**Task directions**: Beginning with the line below that contains "SEDETA Lift Top" and ending with the line that contains "Черно-серый шарф с", copy every line exactly. Copy nothing else.
[Opening Source records section]
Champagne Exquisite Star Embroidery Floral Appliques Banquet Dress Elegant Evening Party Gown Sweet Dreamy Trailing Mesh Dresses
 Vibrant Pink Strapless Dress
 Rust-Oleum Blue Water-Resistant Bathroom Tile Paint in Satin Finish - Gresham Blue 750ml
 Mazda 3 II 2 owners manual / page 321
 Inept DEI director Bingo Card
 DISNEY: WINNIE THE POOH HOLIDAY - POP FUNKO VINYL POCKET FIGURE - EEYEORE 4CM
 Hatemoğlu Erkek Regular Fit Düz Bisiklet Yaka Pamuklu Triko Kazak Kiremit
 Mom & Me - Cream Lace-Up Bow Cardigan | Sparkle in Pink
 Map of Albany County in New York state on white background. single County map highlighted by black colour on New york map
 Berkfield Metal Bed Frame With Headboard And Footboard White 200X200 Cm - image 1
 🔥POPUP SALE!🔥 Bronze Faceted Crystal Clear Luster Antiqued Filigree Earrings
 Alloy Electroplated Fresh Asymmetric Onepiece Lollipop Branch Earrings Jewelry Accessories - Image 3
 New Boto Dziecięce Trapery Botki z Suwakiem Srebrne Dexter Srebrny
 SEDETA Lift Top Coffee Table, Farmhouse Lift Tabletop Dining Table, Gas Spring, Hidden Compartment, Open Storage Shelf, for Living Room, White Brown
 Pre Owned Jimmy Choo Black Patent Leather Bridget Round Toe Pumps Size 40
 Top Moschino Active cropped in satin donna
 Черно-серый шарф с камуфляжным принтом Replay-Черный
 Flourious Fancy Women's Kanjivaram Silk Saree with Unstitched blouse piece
[Closing Source records section]
**Response for this exercise**:
 SEDETA Lift Top Coffee Table, Farmhouse Lift Tabletop Dining Table, Gas Spring, Hidden Compartment, Open Storage Shelf, for Living Room, White Brown
 Pre Owned Jimmy Choo Black Patent Leather Bridget Round Toe Pumps Size 40
 Top Moschino Active cropped in satin donna
 Черно-серый шарф с камуфляжным принтом Replay-Черный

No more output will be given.